# Another question:



## outinfront75 (Mar 30, 2010)

If I already have the factory sport suspension and I wanna go lower, will springs do or do I have to do a coil kit? Sometimes you can't just use springs if you have an oem sport suspension already.


----------



## 96jettasexer (Jun 7, 2004)

*Re: Another question: (outinfront75)*

depends which springs you use, but ur not gonna get the stance you probably want out of springs. go coilvoers http://****************.com/smile/emthup.gif


----------



## EK20 (Sep 28, 2004)

*Re: Another question: (outinfront75)*

You will probably be able to go lower with coils, but H&R race springs will have you sitting pretty good. http://****************.com/smile/emthup.gif


----------



## outinfront75 (Mar 30, 2010)

*Re: Another question: (EK20)*

that's what I figured...i'm already happy w/the sport susp just wanna go about 1" lower. the only feasible reason to go w/coils is if springs alone will screw with the factory sport susp.
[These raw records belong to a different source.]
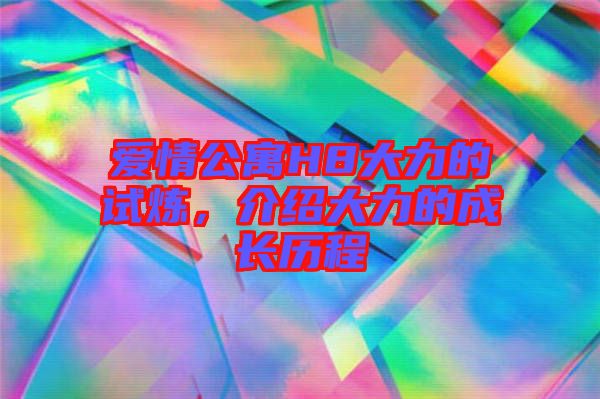 愛情公寓H8大力的試煉，介紹大力的成長歷程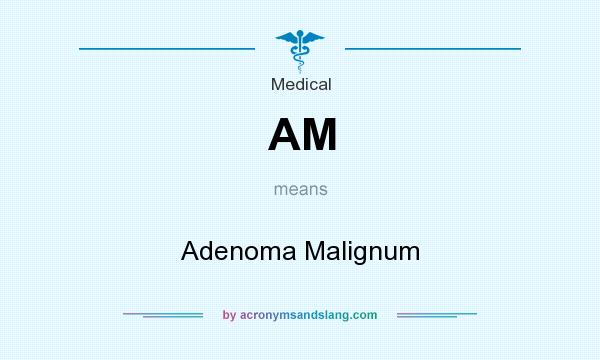 What does AM mean? It stands for Adenoma Malignum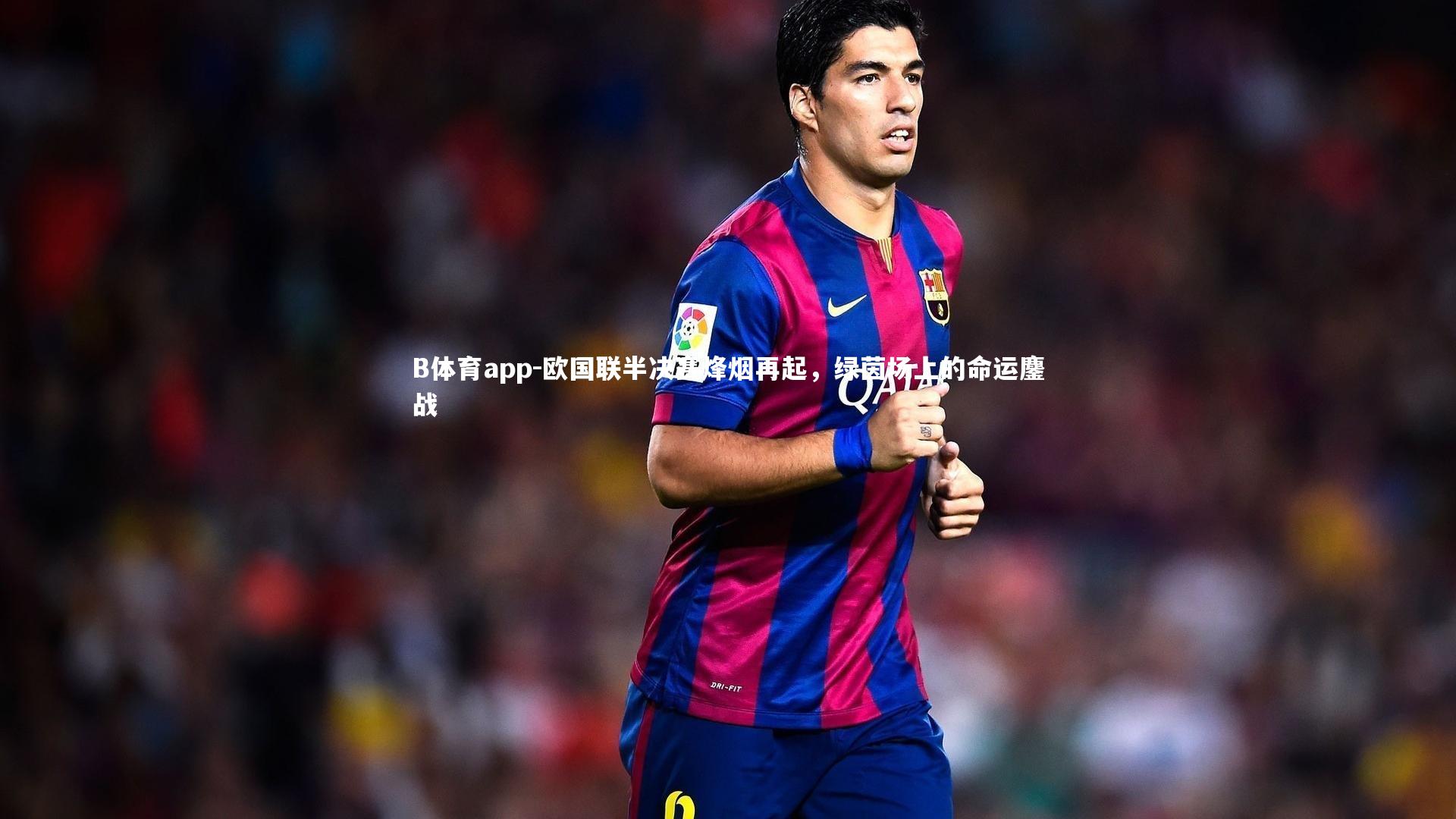 欧国联半决赛烽烟再起，绿茵场上的命运鏖战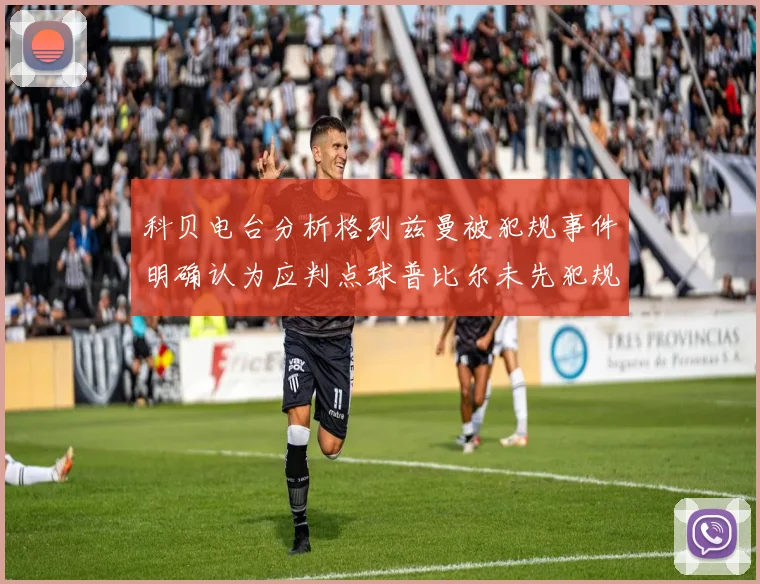 科贝电台分析格列兹曼被犯规事件明确认为应判点球普比尔未先犯规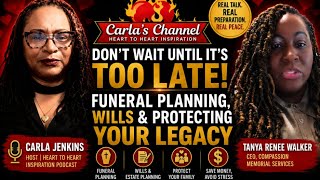 You Will Leave Here One Day… Are You Prepared? | Funeral CEO Tanya Walker Breaks It Down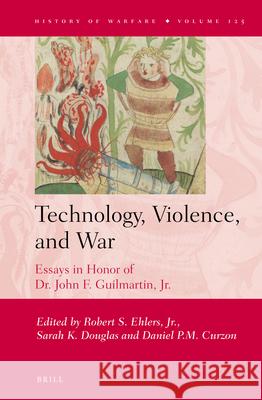 Technology, Violence, and War: Essays in Honor of Dr. John F. Guilmartin, Jr.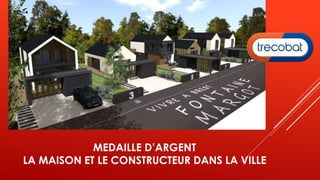 MEDAILLE D’ARGENT
LA MAISON ET LE CONSTRUCTEUR DANS LA VILLE
 
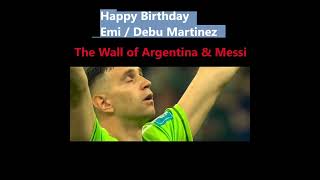 Happy Birthday Emi / Dibu Martinez  - The Great Wall of Argentina & Messi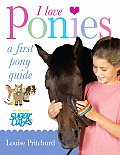 I Love Ponies A First Pony Guide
If not, then it makes sense to go w/springs and put the rest of the money toward the KO4s!


----------



## EK20 (Sep 28, 2004)

*Re: Another question: (outinfront75)*

Hell yeah. http://****************.com/smile/emthup.gif
I'm sure the sport struts can handle the aftermarket springs better then the non sport struts, but they'll eventually go bad. I'm holding off on better struts a little down the line myself.


----------



## outinfront75 (Mar 30, 2010)

*Re: Another question: (EK20)*

Absolutely. You gotta love the 2.7t a6...with just about 7k into it you can have complete supercar performance and hella badazz looks to boot!


----------



## EK20 (Sep 28, 2004)

*Re: Another question: (outinfront75)*

Yeah, I wouldn't mind throwing some money at the engine.


----------